### Activity:
Set down, please, exactly the lines below that run from the line with "Bedroom of Duplexes" to the line with "SUV Mercedes-Benz EQE 6 av 15", both lines included.
====== Provided data ======
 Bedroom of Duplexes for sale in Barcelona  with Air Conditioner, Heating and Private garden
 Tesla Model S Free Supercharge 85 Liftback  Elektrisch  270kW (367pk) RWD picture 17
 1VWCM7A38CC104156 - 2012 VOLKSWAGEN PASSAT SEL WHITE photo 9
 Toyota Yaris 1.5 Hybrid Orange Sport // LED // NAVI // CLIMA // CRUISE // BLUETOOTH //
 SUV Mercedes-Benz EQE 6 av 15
======
====== Provided data ======
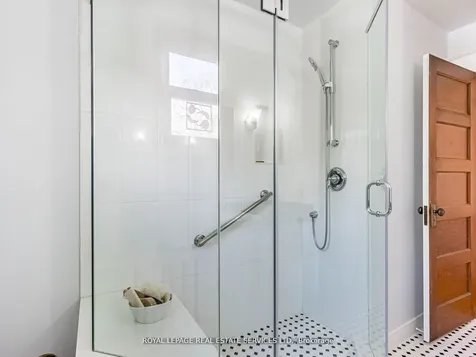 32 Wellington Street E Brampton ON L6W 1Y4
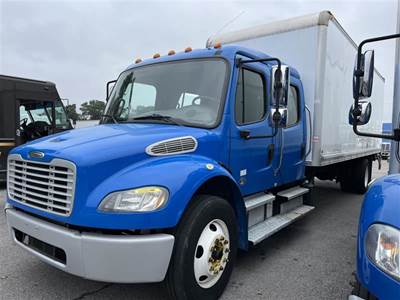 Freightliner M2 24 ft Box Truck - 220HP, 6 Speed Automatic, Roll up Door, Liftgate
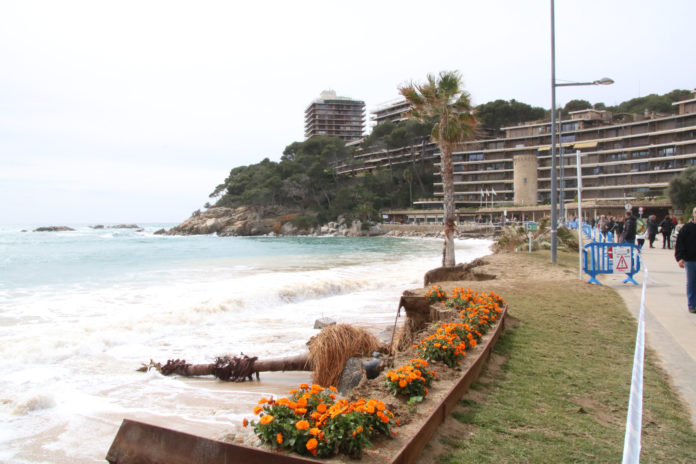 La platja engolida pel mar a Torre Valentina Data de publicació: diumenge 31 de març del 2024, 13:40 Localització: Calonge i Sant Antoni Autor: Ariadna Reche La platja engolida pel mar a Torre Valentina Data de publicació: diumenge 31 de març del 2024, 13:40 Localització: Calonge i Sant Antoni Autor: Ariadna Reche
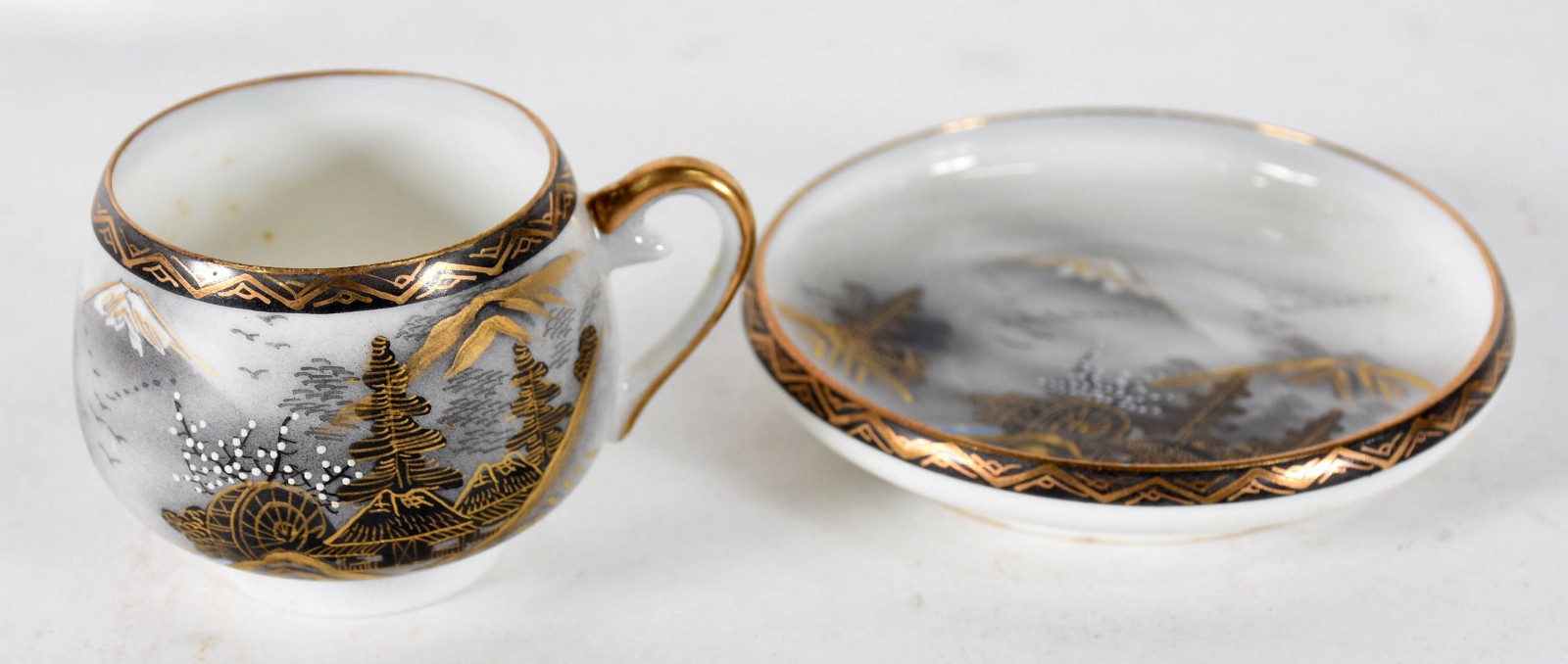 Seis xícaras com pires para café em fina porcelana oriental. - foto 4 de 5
======
### Result of this task:
 Bedroom of Duplexes for sale in Barcelona  with Air Conditioner, Heating and Private garden
 Tesla Model S Free Supercharge 85 Liftback  Elektrisch  270kW (367pk) RWD picture 17
 1VWCM7A38CC104156 - 2012 VOLKSWAGEN PASSAT SEL WHITE photo 9
 Toyota Yaris 1.5 Hybrid Orange Sport // LED // NAVI // CLIMA // CRUISE // BLUETOOTH //
 SUV Mercedes-Benz EQE 6 av 15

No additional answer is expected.